**Material to process:**
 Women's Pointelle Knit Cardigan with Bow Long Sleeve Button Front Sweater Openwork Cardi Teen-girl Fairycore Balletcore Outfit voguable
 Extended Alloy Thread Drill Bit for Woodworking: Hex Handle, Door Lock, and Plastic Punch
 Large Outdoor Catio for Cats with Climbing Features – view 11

---

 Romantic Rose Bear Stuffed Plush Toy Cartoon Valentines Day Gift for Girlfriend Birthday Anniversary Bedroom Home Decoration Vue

--

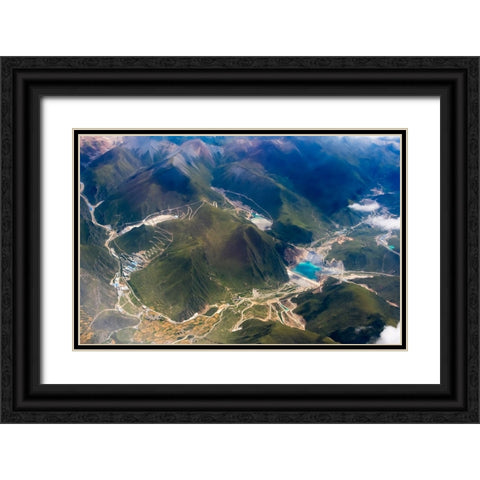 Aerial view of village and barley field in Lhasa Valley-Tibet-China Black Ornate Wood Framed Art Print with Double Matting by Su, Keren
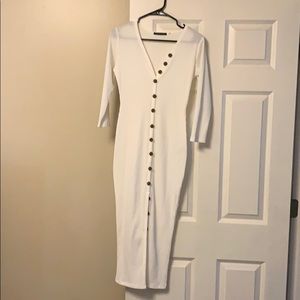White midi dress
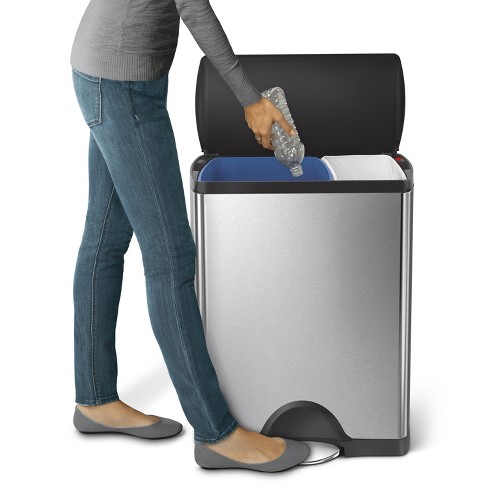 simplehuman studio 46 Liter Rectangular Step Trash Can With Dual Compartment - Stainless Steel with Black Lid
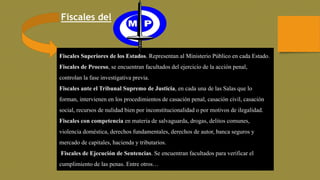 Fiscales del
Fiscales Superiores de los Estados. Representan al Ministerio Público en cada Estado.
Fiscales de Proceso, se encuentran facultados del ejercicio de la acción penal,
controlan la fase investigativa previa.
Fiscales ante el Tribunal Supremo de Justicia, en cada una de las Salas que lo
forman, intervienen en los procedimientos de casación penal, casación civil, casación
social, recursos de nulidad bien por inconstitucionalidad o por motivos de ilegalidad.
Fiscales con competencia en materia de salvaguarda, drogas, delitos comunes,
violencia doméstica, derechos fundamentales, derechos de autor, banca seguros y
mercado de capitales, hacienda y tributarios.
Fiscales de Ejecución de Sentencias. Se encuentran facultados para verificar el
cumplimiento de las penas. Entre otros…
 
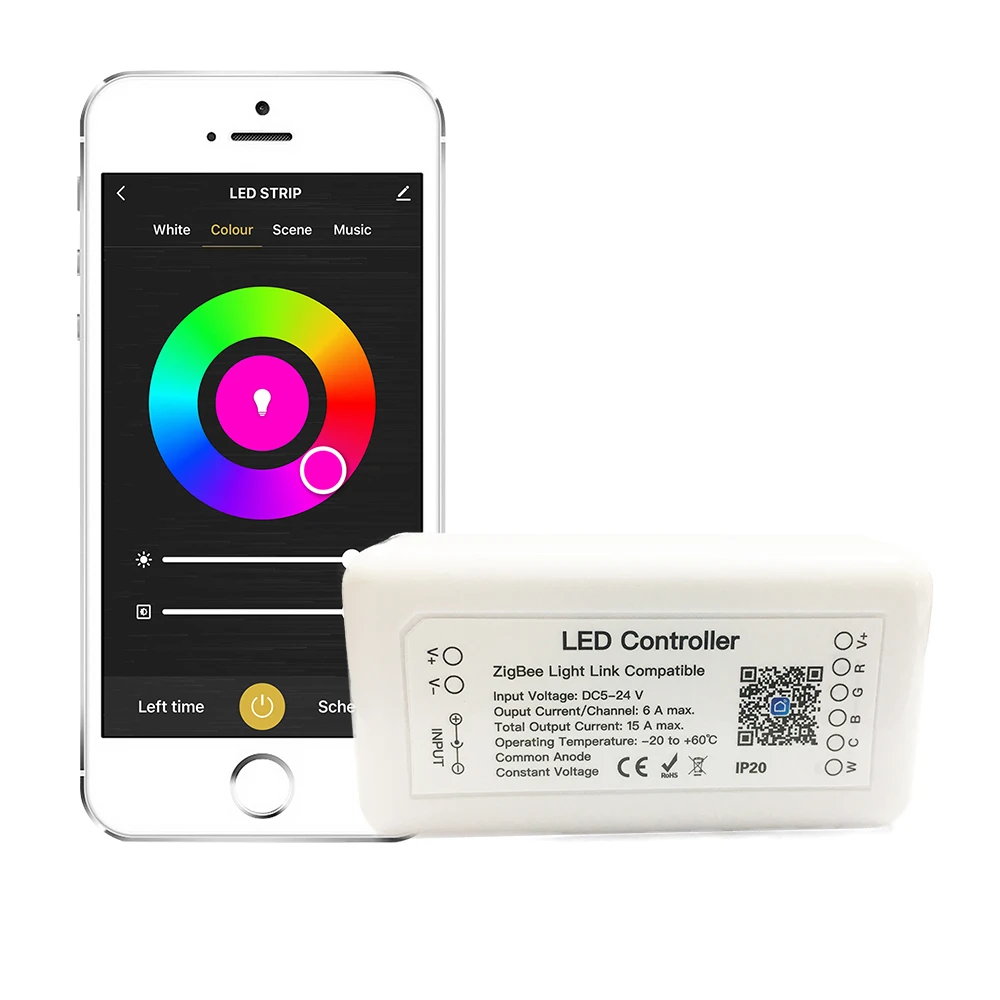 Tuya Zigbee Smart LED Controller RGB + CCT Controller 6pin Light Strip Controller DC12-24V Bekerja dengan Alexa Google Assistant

**Exercise:** Produce an exact reproduction of the listing above, limited to the lines starting at the line with "Fiscales del" and ending at the line with "Tuya Zigbee Smart", both kept, with every picture left out.

**Written solution:**
 Fiscales del
Fiscales Superiores de los Estados. Representan al Ministerio Público en cada Estado.
Fiscales de Proceso, se encuentran facultados del ejercicio de la acción penal,
controlan la fase investigativa previa.
Fiscales ante el Tribunal Supremo de Justicia, en cada una de las Salas que lo
forman, intervienen en los procedimientos de casación penal, casación civil, casación
social, recursos de nulidad bien por inconstitucionalidad o por motivos de ilegalidad.
Fiscales con competencia en materia de salvaguarda, drogas, delitos comunes,
violencia doméstica, derechos fundamentales, derechos de autor, banca seguros y
mercado de capitales, hacienda y tributarios.
Fiscales de Ejecución de Sentencias. Se encuentran facultados para verificar el
cumplimiento de las penas. Entre otros…
 
 Tuya Zigbee Smart LED Controller RGB + CCT Controller 6pin Light Strip Controller DC12-24V Bekerja dengan Alexa Google Assistant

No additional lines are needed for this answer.